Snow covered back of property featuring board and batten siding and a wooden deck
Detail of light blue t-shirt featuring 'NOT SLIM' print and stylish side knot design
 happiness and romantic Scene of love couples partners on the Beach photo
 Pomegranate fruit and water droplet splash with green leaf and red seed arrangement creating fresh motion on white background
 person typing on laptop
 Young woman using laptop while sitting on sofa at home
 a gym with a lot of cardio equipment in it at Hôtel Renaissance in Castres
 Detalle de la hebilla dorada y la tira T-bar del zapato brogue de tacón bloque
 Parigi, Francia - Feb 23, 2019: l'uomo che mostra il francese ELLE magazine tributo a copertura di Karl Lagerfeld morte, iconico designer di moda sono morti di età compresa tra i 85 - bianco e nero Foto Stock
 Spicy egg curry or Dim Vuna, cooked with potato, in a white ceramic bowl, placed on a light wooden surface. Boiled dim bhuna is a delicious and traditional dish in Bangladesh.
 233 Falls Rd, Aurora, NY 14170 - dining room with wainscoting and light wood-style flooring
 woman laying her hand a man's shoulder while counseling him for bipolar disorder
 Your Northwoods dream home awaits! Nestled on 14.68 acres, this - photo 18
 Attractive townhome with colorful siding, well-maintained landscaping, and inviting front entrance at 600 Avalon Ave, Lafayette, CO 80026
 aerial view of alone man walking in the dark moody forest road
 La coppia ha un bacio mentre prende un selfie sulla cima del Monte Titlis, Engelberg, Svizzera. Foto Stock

▸ Work task
Go through the data and return every record exactly.

▸ Written answer
Snow covered back of property featuring board and batten siding and a wooden deck
Detail of light blue t-shirt featuring 'NOT SLIM' print and stylish side knot design
 happiness and romantic Scene of love couples partners on the Beach photo
 Pomegranate fruit and water droplet splash with green leaf and red seed arrangement creating fresh motion on white background
 person typing on laptop
 Young woman using laptop while sitting on sofa at home
 a gym with a lot of cardio equipment in it at Hôtel Renaissance in Castres
 Detalle de la hebilla dorada y la tira T-bar del zapato brogue de tacón bloque
 Parigi, Francia - Feb 23, 2019: l'uomo che mostra il francese ELLE magazine tributo a copertura di Karl Lagerfeld morte, iconico designer di moda sono morti di età compresa tra i 85 - bianco e nero Foto Stock
 Spicy egg curry or Dim Vuna, cooked with potato, in a white ceramic bowl, placed on a light wooden surface. Boiled dim bhuna is a delicious and traditional dish in Bangladesh.
 233 Falls Rd, Aurora, NY 14170 - dining room with wainscoting and light wood-style flooring
 woman laying her hand a man's shoulder while counseling him for bipolar disorder
 Your Northwoods dream home awaits! Nestled on 14.68 acres, this - photo 18
 Attractive townhome with colorful siding, well-maintained landscaping, and inviting front entrance at 600 Avalon Ave, Lafayette, CO 80026
 aerial view of alone man walking in the dark moody forest road
 La coppia ha un bacio mentre prende un selfie sulla cima del Monte Titlis, Engelberg, Svizzera. Foto Stock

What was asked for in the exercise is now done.